05.31.2019

Would a Big 4 Accounting Firm Screw You?

Share

Sarbanes-Oxley was passed to crack down on fraud and protect the interests of investors. It created the Public Accounting Oversight Board (PCAOB) to focus on public accounting firms. Part of the PCAOB’s responsibilities include setting standards for ethics, independence, quality control.

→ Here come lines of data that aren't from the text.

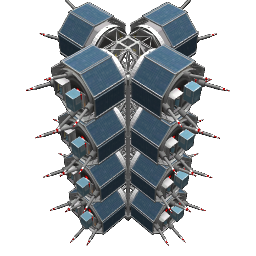 4x4 Small Satellite Module ( 16x Satellites )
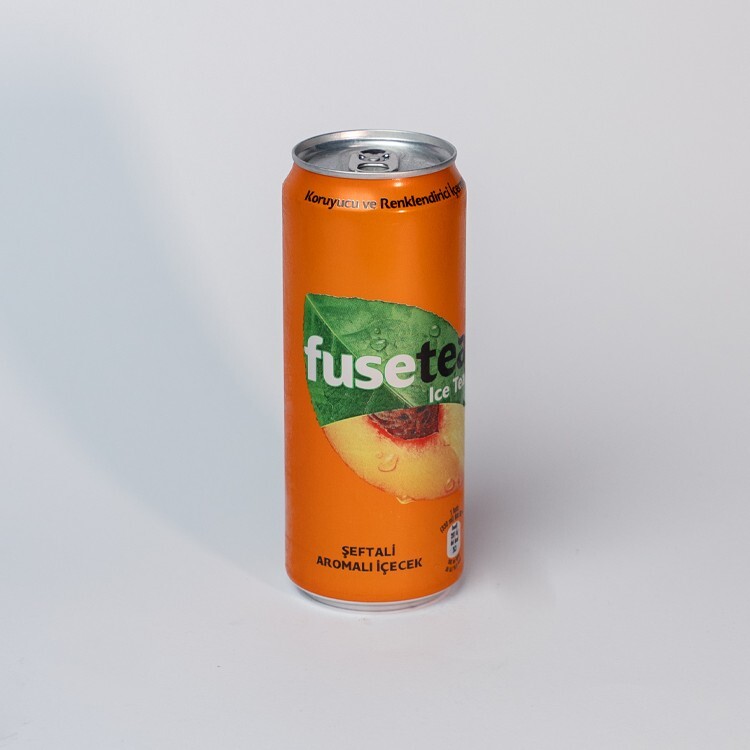 Fuse Tea Şeftali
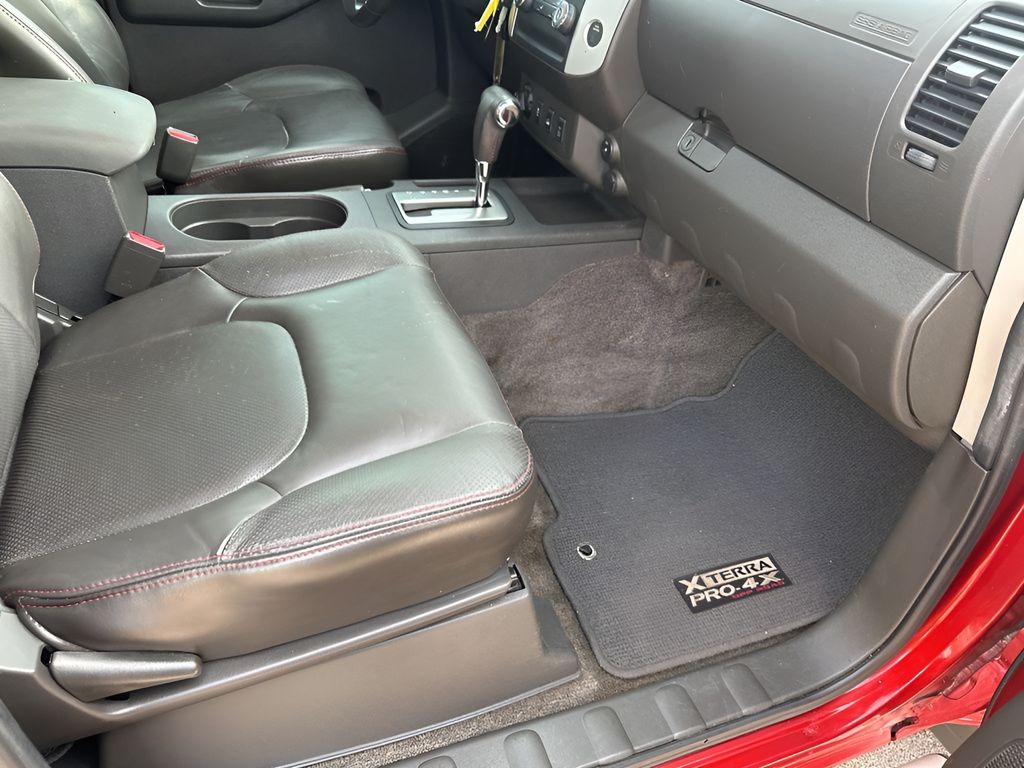 Used Car 2012 Nissan Xterra  Pro-4x For Sale Under $15,000 In Austin, Texas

Last month, the PCAOB fined Damion Henderson, a managing director at KPMG Bermuda, for ethical violations.

How much?

A paltry $10,000.

The PCAOB also fined KPMG Bermuda $250,000 for “failing to establish and maintain a system of quality control to provide reasonable assurance that firm personnel would comply with applicable professional standards and the firm’s own standards of quality.”

So, what happened?

KPMG Bermuda has an internal policy requiring firm personnel to “execute written independence confirmations, or ‘independent affidavits,’ periodically during their employment at the firm.”

A senior manager at the firm would review and sign the affidavits and pass them to Henderson, then head of the Ethics and Independence Department, to verify and initial.

In October of 2014, it was discovered that the affidavits of over two dozen present and former employees were missing. Two months later in December, KPMG became aware that PCAOB inspectors would be at the firm in May of 2015.

It is unclear how the documents went missing but KPMG Bermuda had no back-up copies.

Rather than owning up to the mistake, KPMG Bermuda’s Ethics and Independence Department directed employees to re-execute and backdate the affidavits – a violation of PCAOB regulations.

Henderson and the firm’s senior manager backdated their own initials on the fraudulent affidavits.

There are a few important takeaways from this incident.

First, the fines are chump change. $10,000 is not much for high-ranking employees at Big 4 accounting firms. $250,000 is not even a rounding error for a company the size of KPMG.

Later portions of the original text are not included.